Since making the decision to home school my children, currently ages one and three, I have been researching various methods of home schooling. Over the next few weeks, I’d like to share with you some of the benefits I’ve seen in each of those methods. If you are considering home schooling, this may help you decide where to start. If you are already home schooling, this may provide you with some ideas to enhance what’s working well for you or re-work something that’s been a struggle. To see all posts in this series, please click the tag “home schooling methods.”

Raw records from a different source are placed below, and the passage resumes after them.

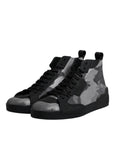 Dolce & Gabbana Multicolor Camouflage High Top Sneakers Shoes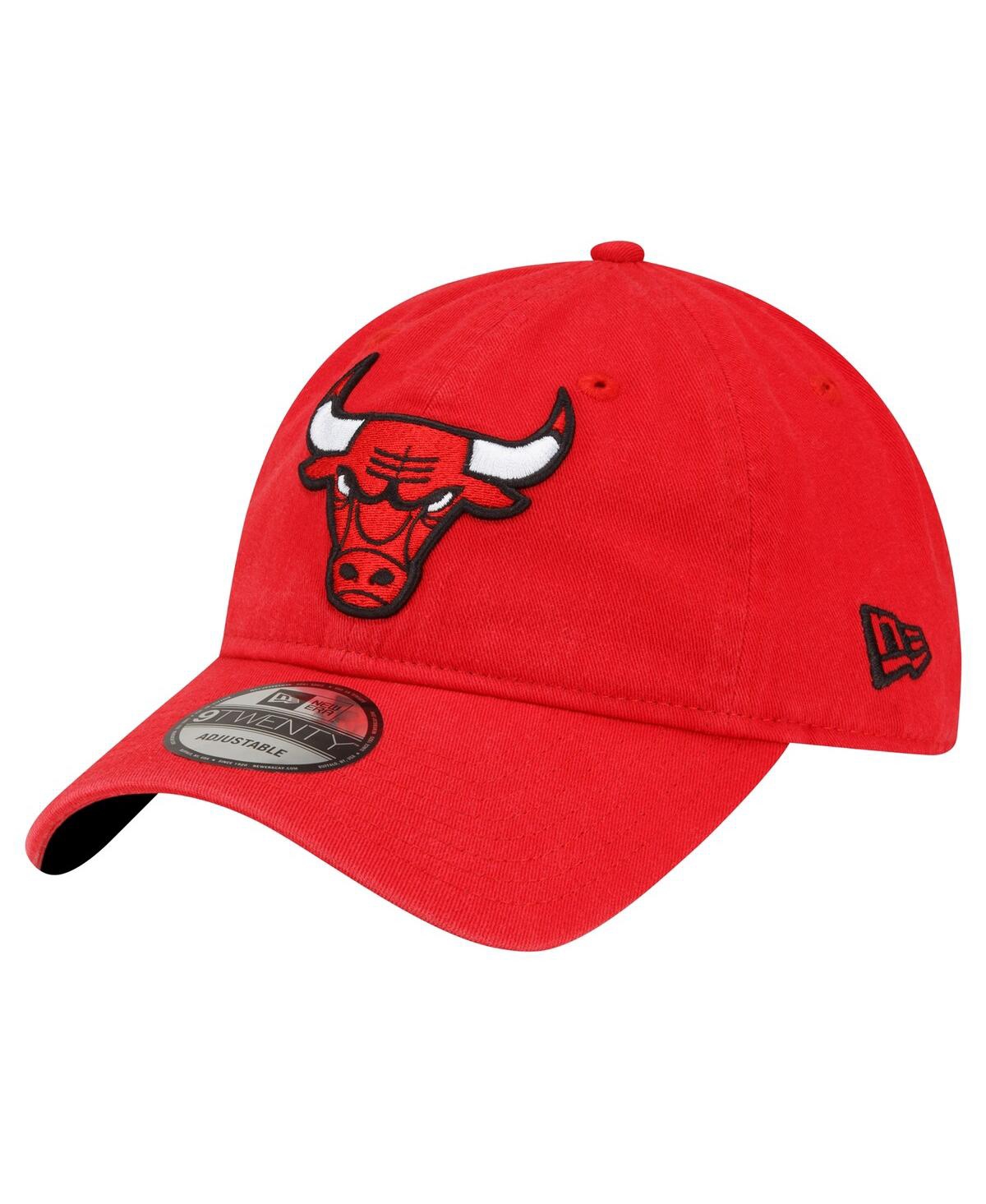 Shop New Era Men's  Red Chicago Bulls Team 2.0 9twenty Adjustable Hat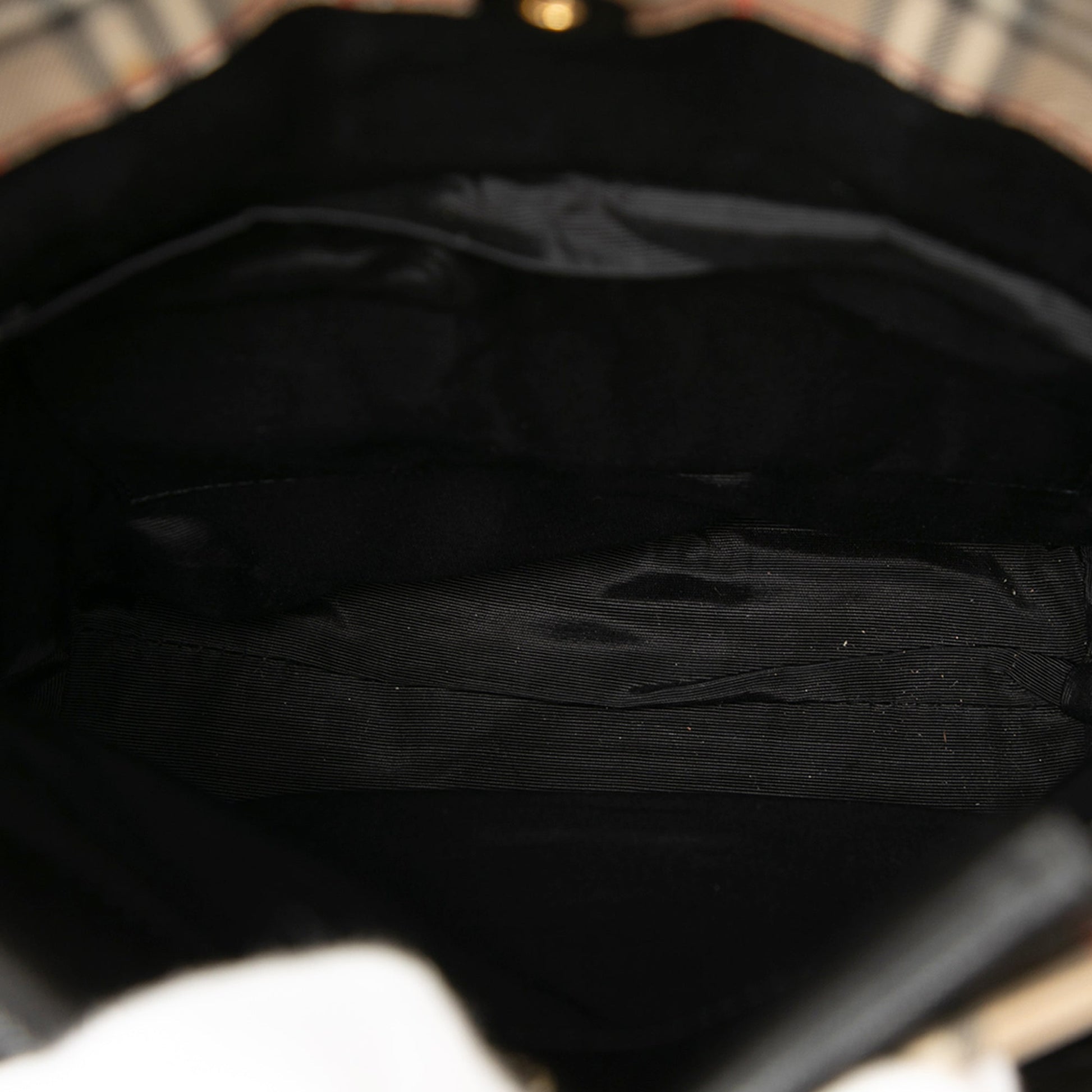 Burberry Haymarket Check Canvas Tote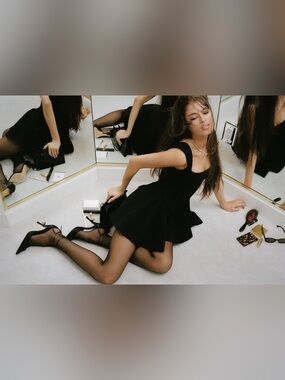 Authentic Mirror Palais The Ingénue Dress in Black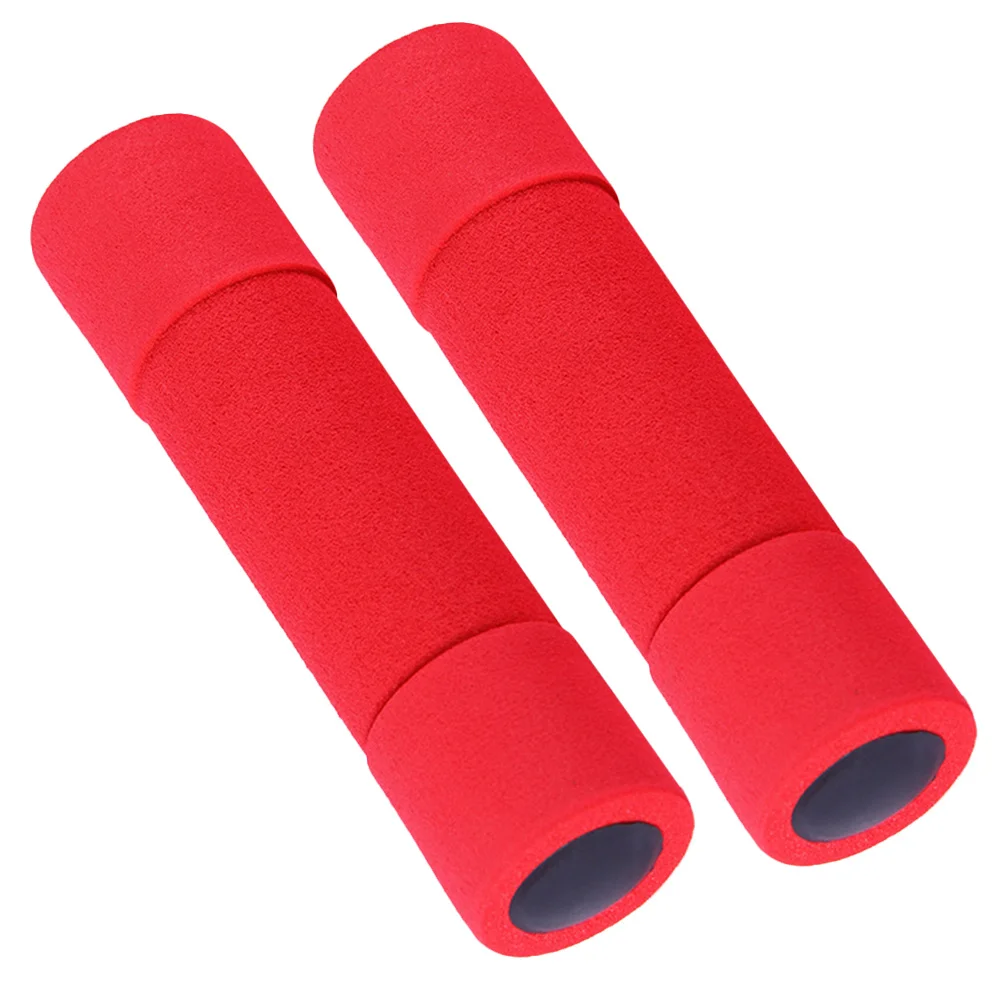 

2Pcs Female Dumbbells Red Comfortable Grip Body Workout Toning Strength Equipment Fitness Accessories 0.5kg Each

Human beings live by ritual.
You may think that you aren’t that rigid, but look at your morning routine. I, for example, hit the snooze once every weekday at 5:00. At 5:09 I begrudgingly crawl out of bed and hit the shower. By 5:30 I am getting dressed, and at 5:40 I am making oatmeal, putting the kettle on for a cup of Earl Grey, and taking last night’s clean dishes out of the drying rack. At 5:50 I’m slicing a banana for the baby and debriefing my three-year-old on the day’s schedule while he eats his oatmeal. At 6:20, we are in the car.
I really don’t have to follow this schedule. I could get breakfast started first or wake up a little earlier and go for a run. I could put the dishes away before bed and use those extra minutes to make something different for breakfast. But I don’t because I follow my habits.
Charlotte Mason emphasizes as much when she tells us that “What you would have the man become, that you must train the child to be” (Vol. 2, p. 15). Our habits form the undercurrent of our lives. Following a Charlotte Mason curriculum means establishing habits that tend toward what is healthy for mind, body, and soul, a mindset that I find very appealing both for myself and for my family.